Как же помещики к этому относились? Помещики в известной своей части, не только реакционной, но и весьма либеральной, относились к этому явлению совершенно отрицательно. На новом поприще они чувствовали себя плохо вооруженными. Жить в усадьбах, драть своих крестьян и драть с этих крестьян большие доходы для себя — это было просто. Тут особым даже уменьем не надо обладать. Были, конечно, хозяева получше, которые относились к своему хозяйству заботливо, не были извергами и расточителями, но в общем дело велось бесхозяйственно, из рук вон плохо. Легко было вести хозяйство, пока все вращалось в сфере почти домашнего потребления, но необходимость конкурировать с настоящим купцом сильно всех обеспокоила!.. Стали доказывать, что на крепостническом труде далеко не уедешь, а отсюда у тех помещиков, которые зубами держались за крепостное право,— чувство, что гибель их наступает. Проявлялись страшное озлобление, идеализация крепостного права, стремление отстоять его и в теории и в практике. Все это выступало ярче, чем когда бы то ни было. У других же, которые пришли к мысли, что, в сущности говоря, крепостное право им почти вредно, все же тлело беспокойство о том что же наступит с его отменой. Они хотели сохранить те устои жизни, которые до сих дар покоились на крепостном праве, боялись, как бы их не расшатать, как бы они не рухнули, ибо от соприкосновения с капиталом все уйдет прочь. Славянофилы стали на эту почву. Помещики-славянофилы — это ‘деревенщина’. Вся семья Аксакова — люди не оторвавшиеся от земли. Хомяков, Киреевские — все крупные славянофилы-помещики, сидящие на земле и очень волнующиеся по поводу происходящих вокруг событий. Однако среди славянофилов доминировала известная ‘гуманность’. Тогдашний министр народного просвещения Уваров выдвинул троицу: православие, самодержавие и народность. И вот люди изощрялись в доказательства того, насколько это священные принципы и насколько нужно их держаться. Тут, между прочим, встречалось невероятное патриотическое хвастовство. Люди закрывали глаза на то, что Россия бесконечно отстает от Европы. Историк Погодин восклицает: ‘Историей всякого народа руководит провидение, но русского в особенности’. Многие общественные деятели примыкают к этому направлению — и Шевырев, и отвратительный тип — Фаддей Булгарин, который в сущности был шпионом. До какого бесстыдства это доходило, можно видеть из того, что газета ‘Маяк’ выразилась таким образом: ‘Если бы в России развилось побольше Пушкиных, то Россия, конечно, погибла бы’.

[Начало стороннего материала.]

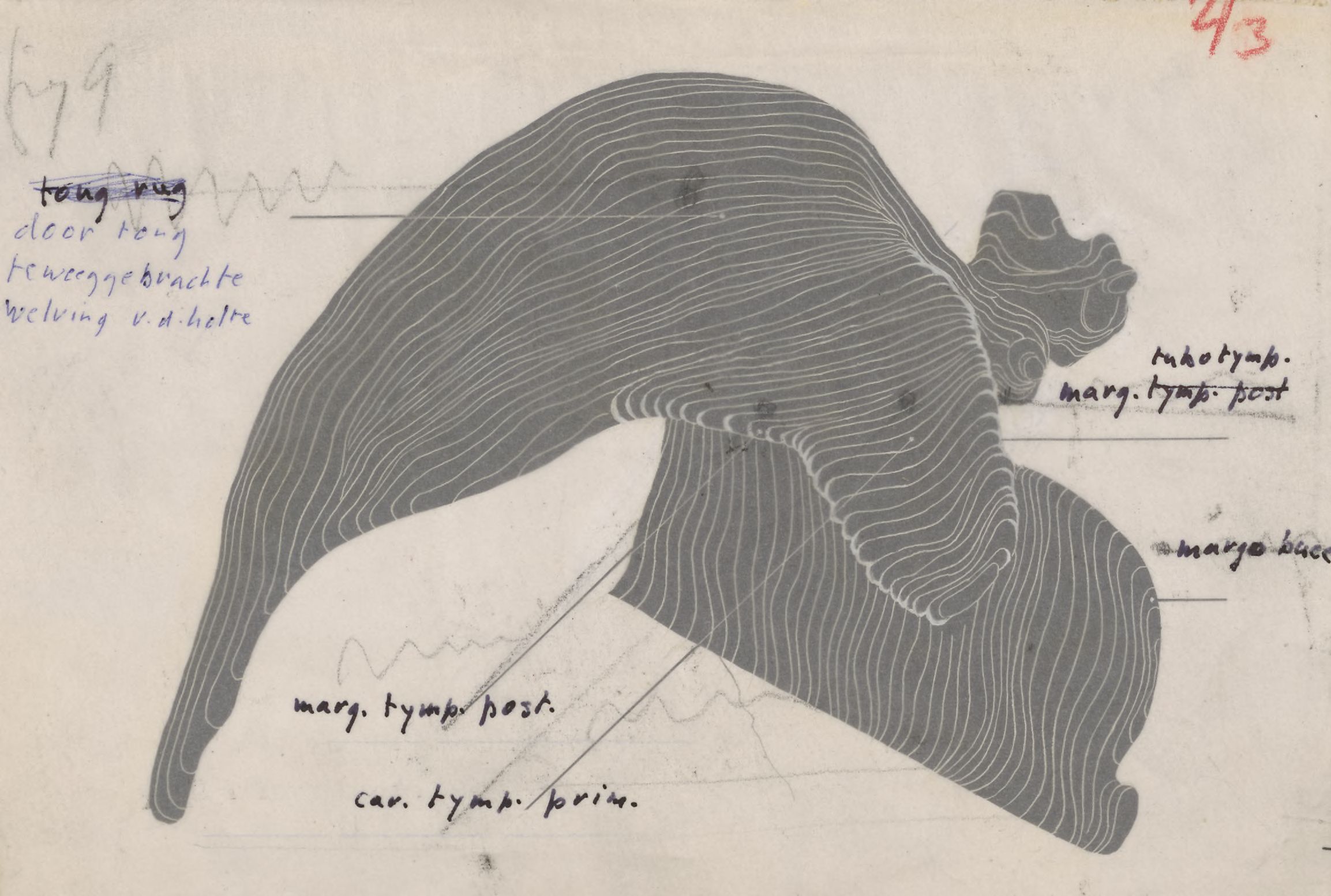 Part of the respiratory or digestive system
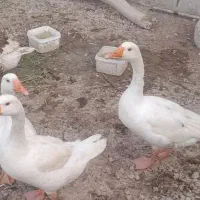 غاز ۴ عدد|حیوانات مزرعه|شوشتر, |دیوار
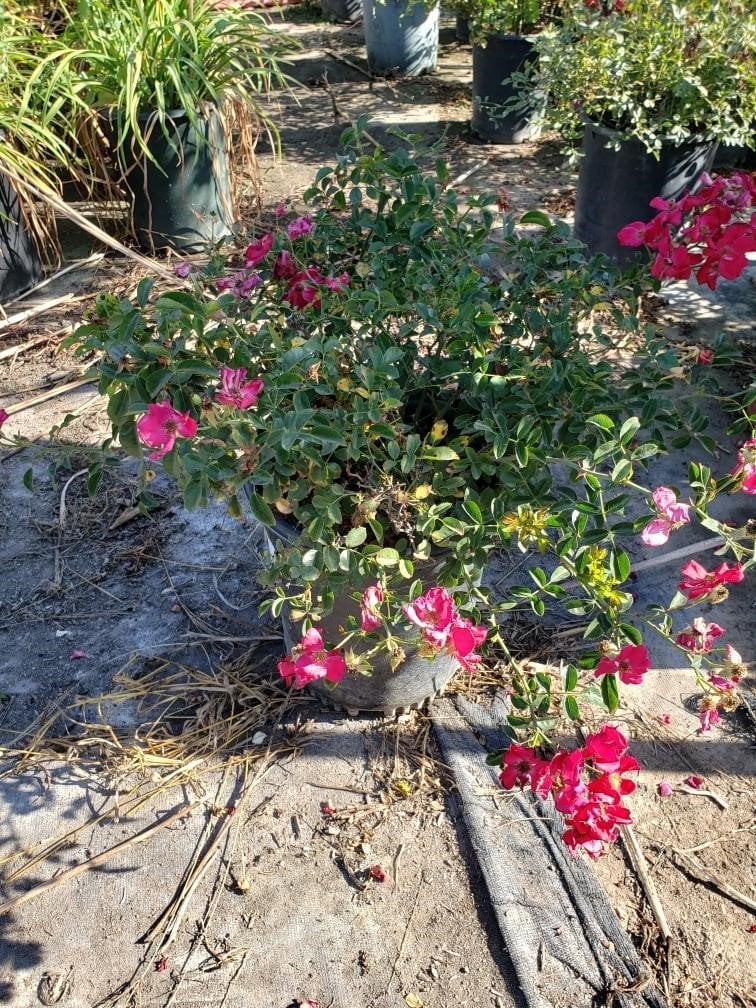 Photo for Rosa 'Flower Carpet Red' (Flower Carpet Red Groundcover Rose)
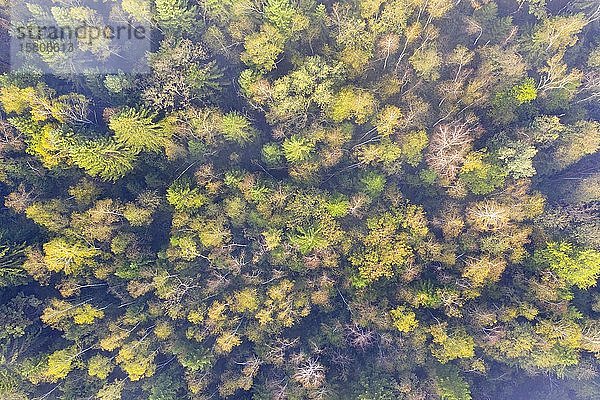Herbstlicher Mischwald mit Birken und Fichten von oben  bei Geretsried  Drohnenaufnahme  Oberbayern  Bayern  Deutschland  Europa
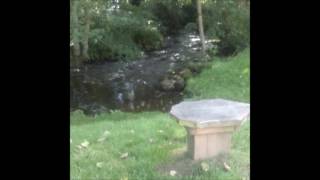 Hook, Line, and Sinker by Emma Forman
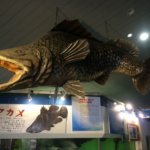 アカメの群泳が日本一！高知の観光名所、坂本龍馬が愛した桂浜にある『桂浜水族館』に行きました！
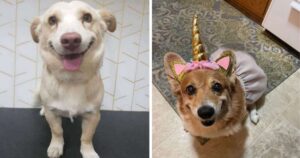 15 Foto di animali adottati dopo essere stati trovati randagi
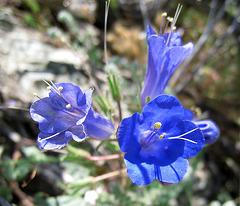 Canterbury Bells (0577)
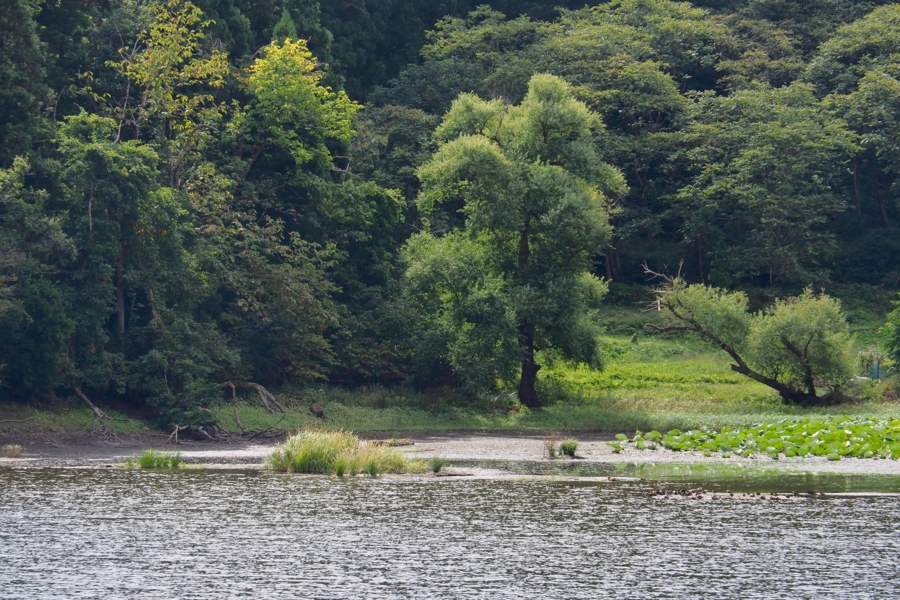 f:id:cippillo:20161017120326j:plain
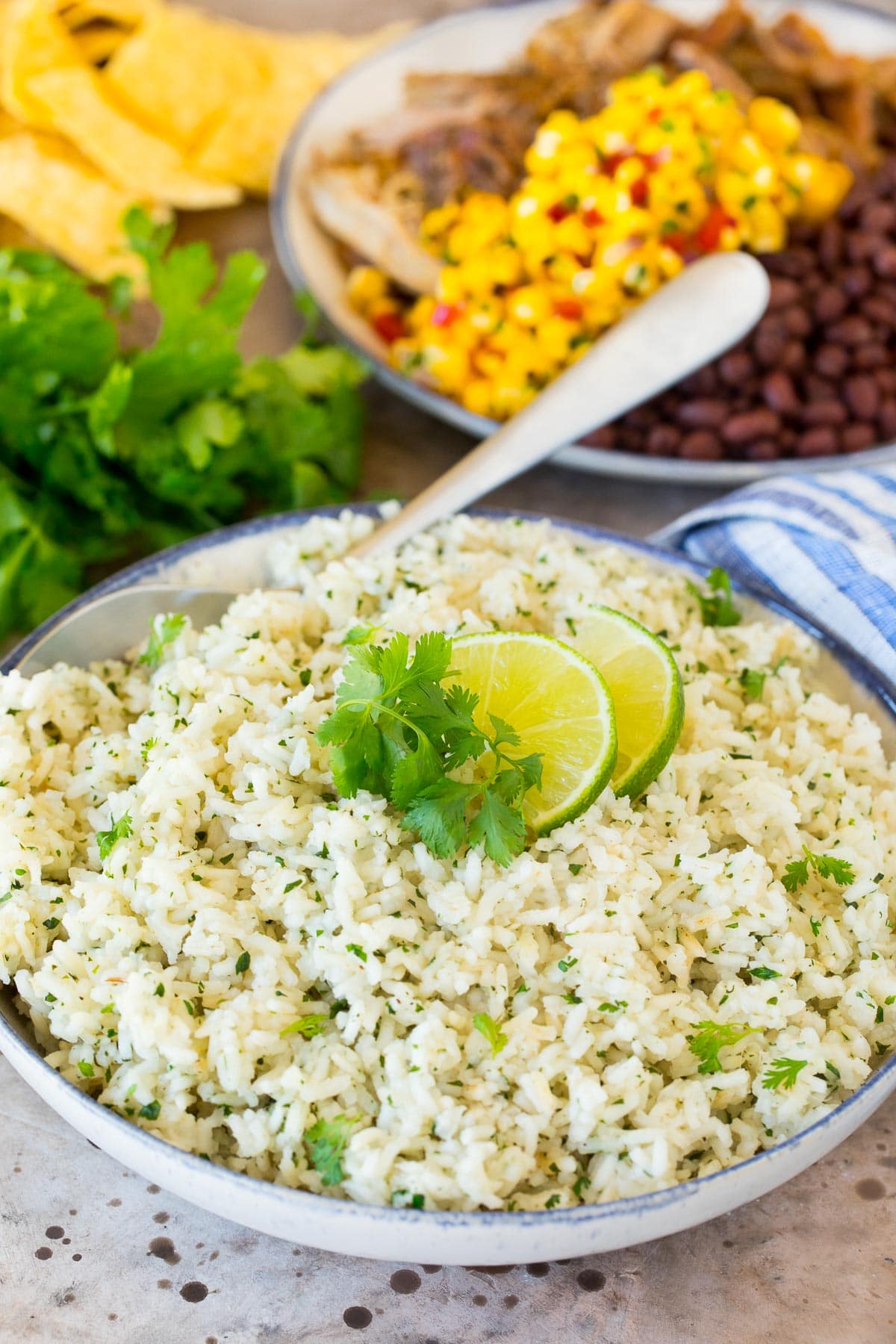 A bowl of cilantro lime rice surrounded by chips, beans, pork and salsa.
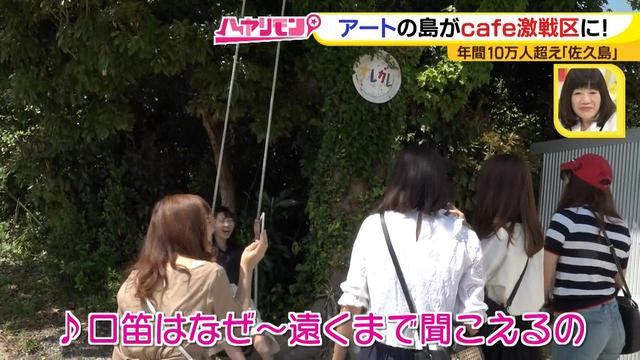 画像16: 行くなら今!「佐久島」~カフェ編~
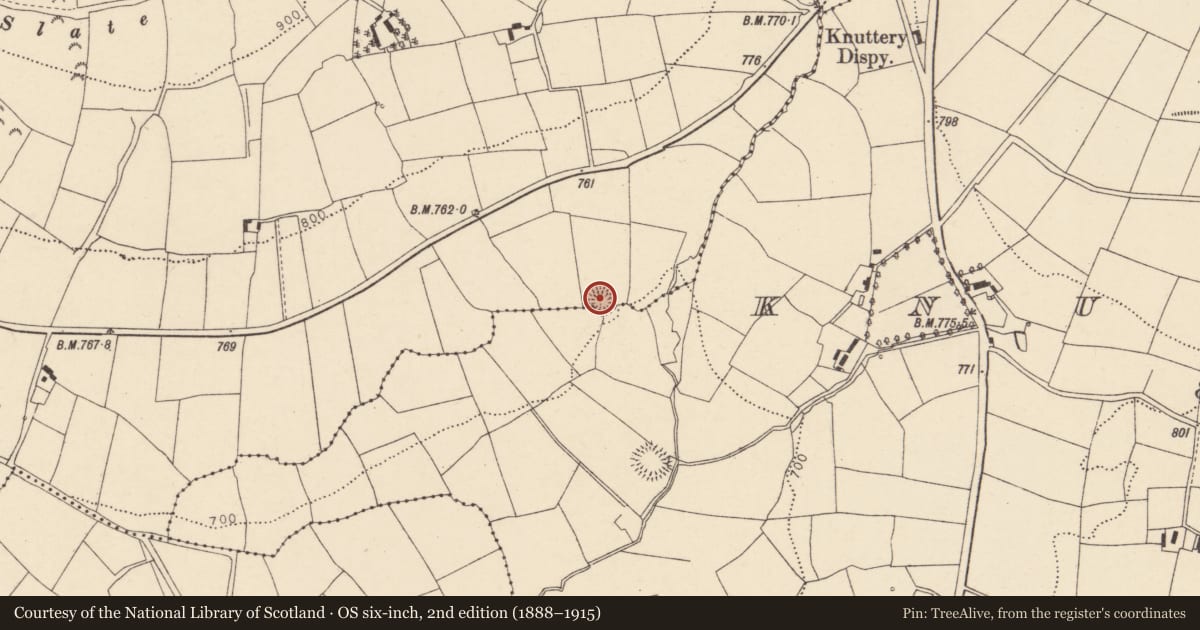 Ordnance Survey six-inch map, 2nd edition (1888–1915) covering the location of Ringfort - rath, Knockbrack (Fermoy By., Rahan Par.), County Cork, with a pin at the register's coordinates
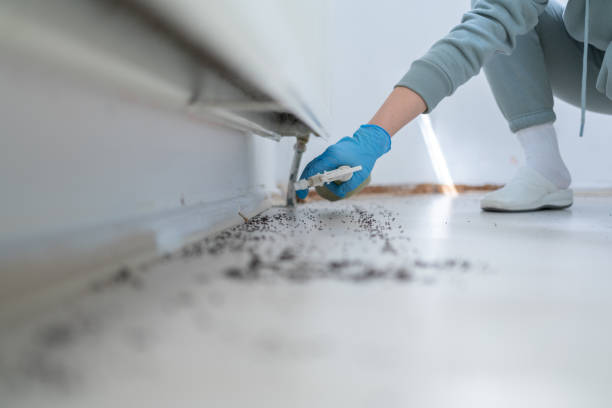 Pest Prevention Services in Lavaca, AR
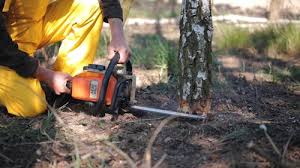 Best Tree and Shrub Care  in Irondale, GA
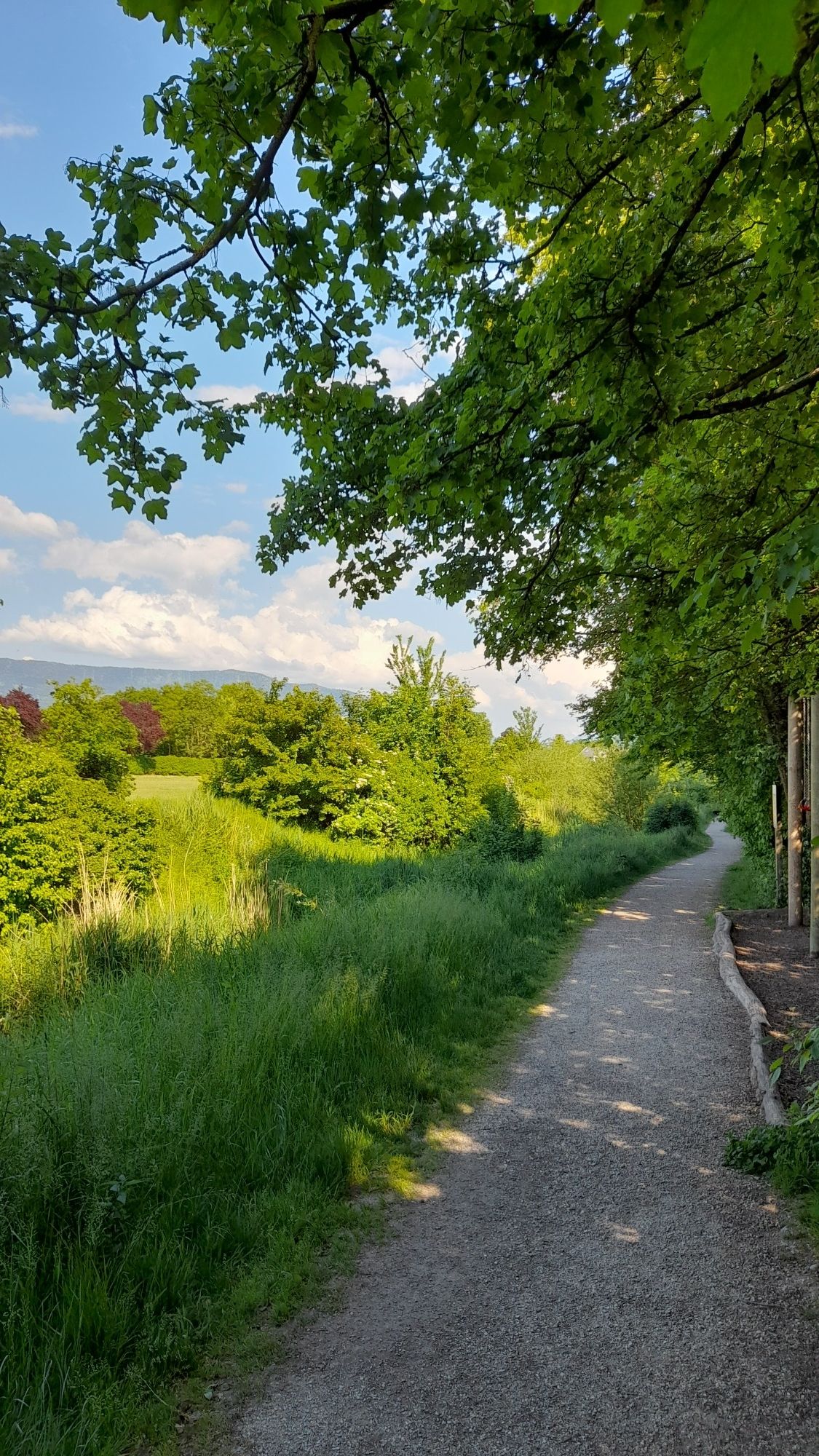 La Seymaz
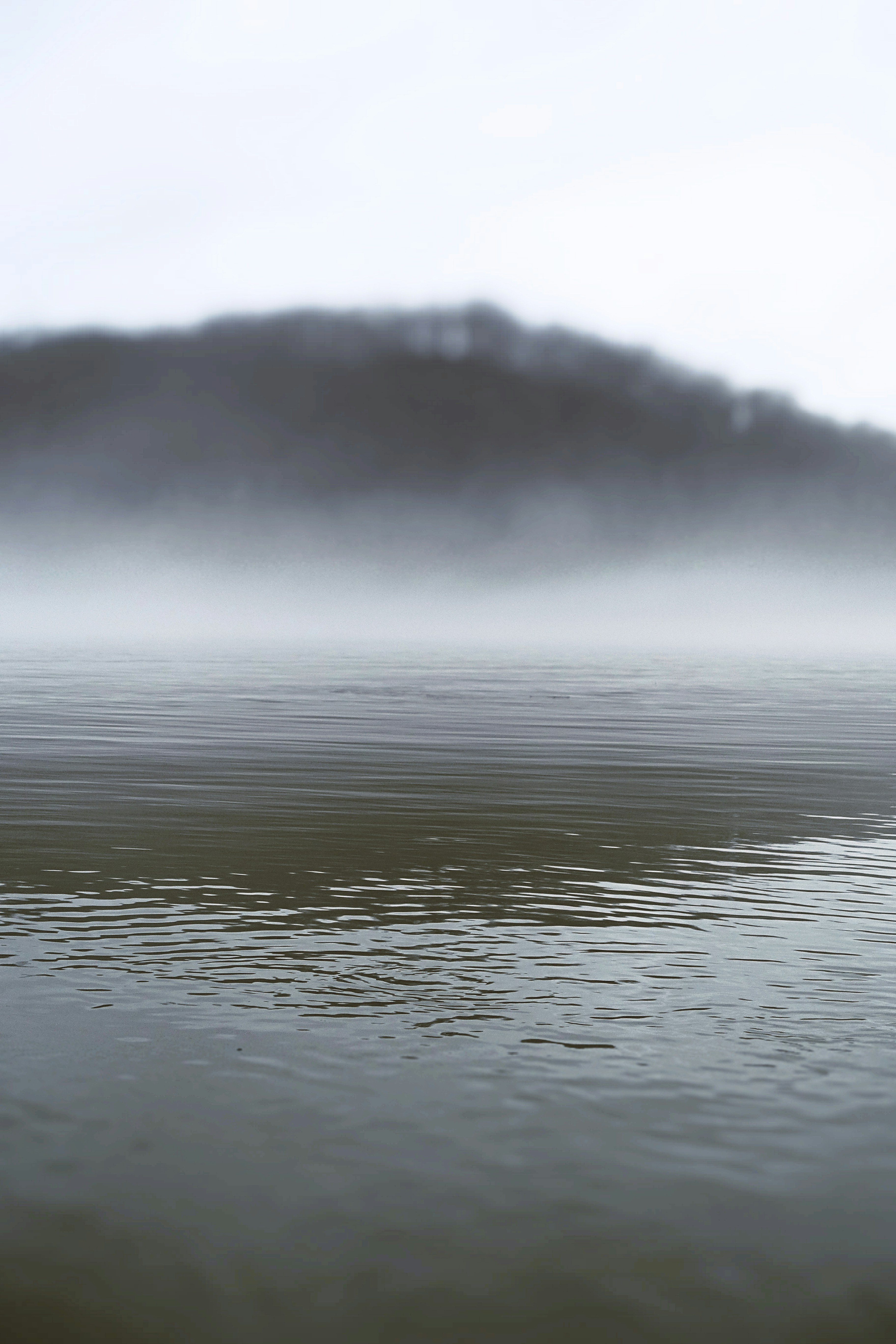 Fog Lake Pictures Download Free Images on Unsplash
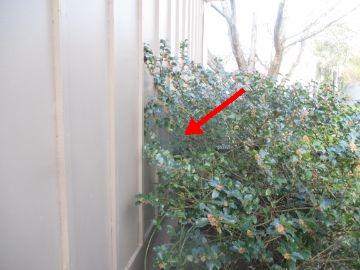 bushes Pests Repair:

Но на такого рода позиции помещики не могли выстоять. Во-первых, они имели свое собственное левое крыло, и это их левое крыло подкатывалось под них.
В сороковые годы славянофилы создают в сущности теорию крепостническую, но празднично декорированную, позолоченную, какую можно бы проглотить приличному метафизику. Потребовалась большая затрата ума со стороны этих талантливых помещиков, чтобы оправдать свое существование. Вы должны помнить, что помещики в усадьбах не только драли крестьян. Помещичьи усадьбы недаром представляют объект постоянно вновь возвращающеюся поэтического вдохновения. В этих помещичьих усадьбах жили люди богато, сытно, к детям приглашали гувернеров и гувернанток из-за границы, с ранних лет к ним прививались плоды европейской культуры, они там музицировали, читала стихи на всех языках, влюблялись друг в друга, ворковали под черемухой и т. д. В этой уютной обстановке с широким хлебосольством развился красивый цветок культуры. Конечно, было много диких помещиков, на которых было страшно смотреть, которые были лютыми зверями в своем хозяйстве, тут же рядом с ними жили утонченные философы, поэты с целым причтом своих меланхолических жен, мечтательных дочерей и т. д. Еще недавно этой излюбленной культуре, выросшей в этих прекрасных усадьбах, в этих прекрасных залах и садах, среди этого утонченного общества, посвящались целые журналы. Где, собственно, жила тогда культура? Конечно, в усадьбе, да еще в ‘хорошем’ обществе Москвы и Петербурга, а остальная Россия была некультурной. Но защищать свое право жить утонченной, сытой, красивой жизнью за счет ужасающе бедного и безнадежно затоптанного крестьянства не так легко было перед своей совестью. Славянофилы за это взялись.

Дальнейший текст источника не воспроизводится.